Escape from Auschwitz: the most extraordinary Holocaust story you’ve never heard

Illustration by Paul Blow

Escape was lunacy, escape was death. To attempt it was suicide. That much had been taught to Walter Rosenberg early, within a week of his arrival in Auschwitz, aged just 17, at the start of July 1942. One afternoon, he and thousands of others had been forced to stand in silence and watch a public hanging, performed with full ceremony. The SS men had lined up with guns over their shoulders and marching drums strapped around their necks, while out in front stood two mobile gallows, wheeled into position, one for each condemned man.

The stars of the show were announced as two prisoners who had tried and failed to escape. Walter and the others had to watch as the men were brought out; a Kapo, one of the prisoners deployed by the SS to do the brute work of enforcement, tied their ankles and thighs with rope, then placed a noose around each of their necks. Afterwards, the inmates were kept there a full hour, forbidden even to look away. They had to stand, in silence, staring at the two dead bodies twirling in the wind. The corpses had notices pinned to their chests, written as if the words were spoken by the dead themselves: “Because we tried to escape ... ”

Walter understood that the Nazis wanted him and every other prisoner to conclude that escape was futile, that any attempt was doomed. But Walter drew a very different lesson. The danger came not from trying to escape, but from trying and failing. From that day on, he was determined to try – and to succeed.
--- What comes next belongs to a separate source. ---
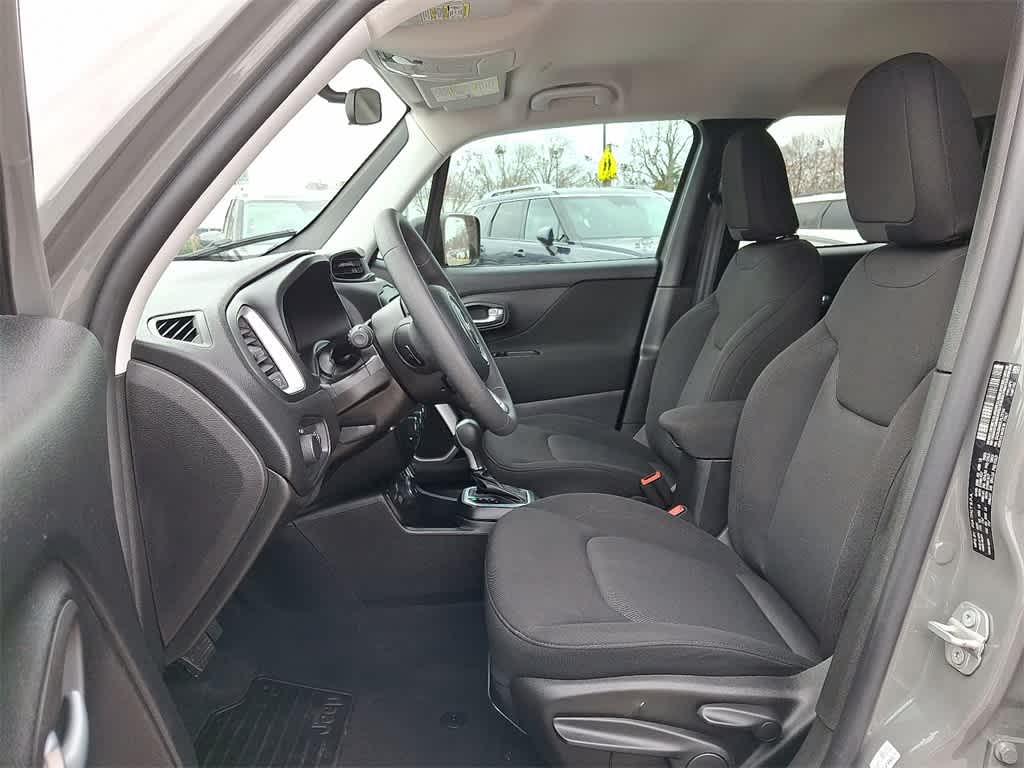 Thumbnail: 2020 Jeep Renegade - 13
Before long, he had made himself a student of escapology, taking lessons from some of Auschwitz’s most battle-hardened inmates – chief among them a grizzled captain in the Red Army – and forging ties with the camp’s secret underground resistance, slowly acquiring the knowhow to attempt what no Jew had done before. This yearning to break out was rooted in more than a desire to save his own skin: his aim was much larger than that. For he had come to understand something essential about the death factory that was Auschwitz: that the crime unfolding before him rested on a great and devastating act of deception.
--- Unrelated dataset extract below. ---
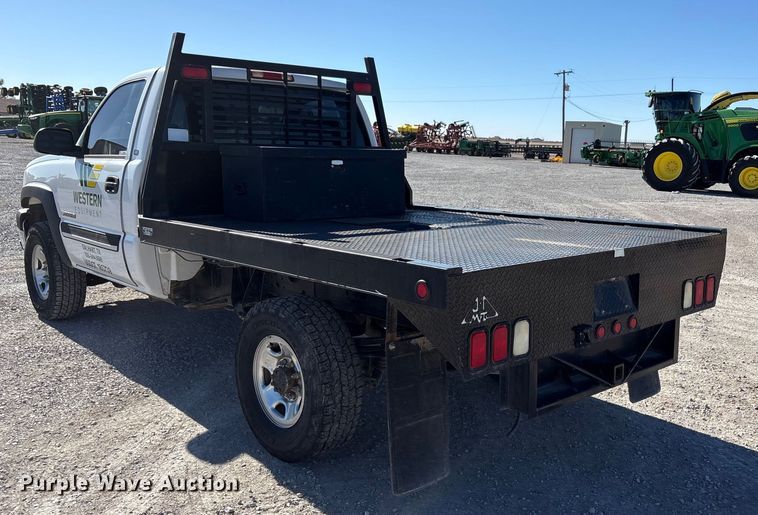 image for item EU4753 2004 Chevrolet Silverado 2500HD flatbed pickup truck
Most Jews were sent on arrival at Auschwitz to the gas chambers, but some, like Walter, were held instead as slave workers. For nearly two years, he remained a prisoner – kept alive by a series of random, accidental twists of fate – and in that time he saw almost every aspect of the Auschwitz slaughterhouse in action. He was never one of the Sonderkommando, those Jews compelled to do the most gruesome work of all – retrieving corpses from the gas chambers – but he witnessed every other stage of the process of industrialised murder.

Walter Rosenberg ...
Walter Rosenberg Photograph: courtesy of Robin Vrba
Fred Wetzler
… and fellow prisoner Fred Wetzler together hatched a daring plan to escape. Photographs: courtesy of Robin Vrba; archive of the Auschwitz-Birkenau State Museum Photograph: Archive of the Auschwitz-Birkenau State Museum

For 10 months, he worked on the Judenrampe, the railway platform where incoming trains pulled in, delivering hundreds of Jews in cattle trucks from all across Europe, like so much livestock. His job was unloading each transport and, as he did it, he detected a pattern. The Nazis lied to their victims at every step of their journey towards destruction. The people falling out of those stinking cattle trucks had boarded them believing they were being taken to new lives in a new place: “resettlement in the east”, the Nazis called it. The Jews on those trains had packed up their belongings and held on tight to them because they thought they were building a new home, one that would need pots and pans, clothes for their backs and toys for their children. They believed that because that was what the Nazis had told them, and it was what their own friends and families had told them, in the form of postcards home that they did not realise had been written at gunpoint.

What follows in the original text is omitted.